Contemporary anthropologists, Western and non-Western, as well as Arab women themselves, attest to the fact that in some parts of the Arab world, families still require the evidence of the bloody sheets. Geraldine Brooks, in Nine Parts of Desire: The Hidden World of Islamic Women, quotes a manager at a hotel in Baghdad which is a popular spot for wedding parties. He says: "[A]lmost all of them [the new brides] check out with a stolen sheet in their bag, you know . . . Their older relatives still insist on seeing it."24 In their study of the semi-rural town of Zawiya, Morocco, anthropologists Susan Schaefer Davis and Douglas Davis report that public proof of virginity is obligatory at the wedding ceremony.

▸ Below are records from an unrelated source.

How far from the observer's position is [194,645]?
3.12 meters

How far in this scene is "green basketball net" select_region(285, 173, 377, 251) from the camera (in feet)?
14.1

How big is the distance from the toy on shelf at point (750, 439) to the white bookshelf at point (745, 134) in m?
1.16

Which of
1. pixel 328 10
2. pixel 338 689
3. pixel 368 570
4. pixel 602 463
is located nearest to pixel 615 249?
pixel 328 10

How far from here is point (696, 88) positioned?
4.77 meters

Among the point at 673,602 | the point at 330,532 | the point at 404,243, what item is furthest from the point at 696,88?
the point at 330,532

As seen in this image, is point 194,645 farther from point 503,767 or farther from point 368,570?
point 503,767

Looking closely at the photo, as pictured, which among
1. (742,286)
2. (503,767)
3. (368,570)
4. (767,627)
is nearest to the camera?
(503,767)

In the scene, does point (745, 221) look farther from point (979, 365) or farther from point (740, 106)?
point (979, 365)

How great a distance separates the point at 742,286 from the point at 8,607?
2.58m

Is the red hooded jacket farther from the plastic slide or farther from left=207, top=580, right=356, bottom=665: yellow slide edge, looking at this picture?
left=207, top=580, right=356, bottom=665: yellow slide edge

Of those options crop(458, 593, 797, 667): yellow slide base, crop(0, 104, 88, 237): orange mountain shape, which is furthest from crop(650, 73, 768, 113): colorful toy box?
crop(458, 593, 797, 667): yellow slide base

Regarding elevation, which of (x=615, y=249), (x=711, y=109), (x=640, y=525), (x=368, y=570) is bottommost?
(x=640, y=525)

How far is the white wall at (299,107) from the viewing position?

If the bloody sheets or garments are not produced, the wedding contract can be declared void and the bride sent away.25 One of Davis and Davis' informants reports that quite often, the brothers of the bride, knowing that their sister is not a virgin, will "stay close to the bridal chamber to calm or threaten the unsuspecting groom" in order to prevent a public scandal; he adds that he had heard of brides who were known to have had premarital intercourse, yet bloody garments were produced at the strategic moment on the wedding night.26 This informant also describes certain deceptions practiced by husbands-to-be who have already slept with their betrothed, including cutting themselves to avoid public humiliation on the wedding night.27 (As we saw in Chapter Three, in Guillaume de Dole, the mark of female virginity is so unstable that even a man can carry it; here, a man is actually able to fake female virginity.) Davis and Davis report that their informants described the ubiquity of such practices as heavy petting, inter-femoral intercourse, shallow penetration, and withdrawal-that is, sexual activities that would not rupture the hymen.28 One of my Web site correspondents, an Arab man, told me that he has heard about certain Arab women who only have anal intercourse in order to "protect" their virginity.29 These anecdotes attest to a prevailing awareness of the slip between theory and practice, and of the consequences of not adhering to theory in practice.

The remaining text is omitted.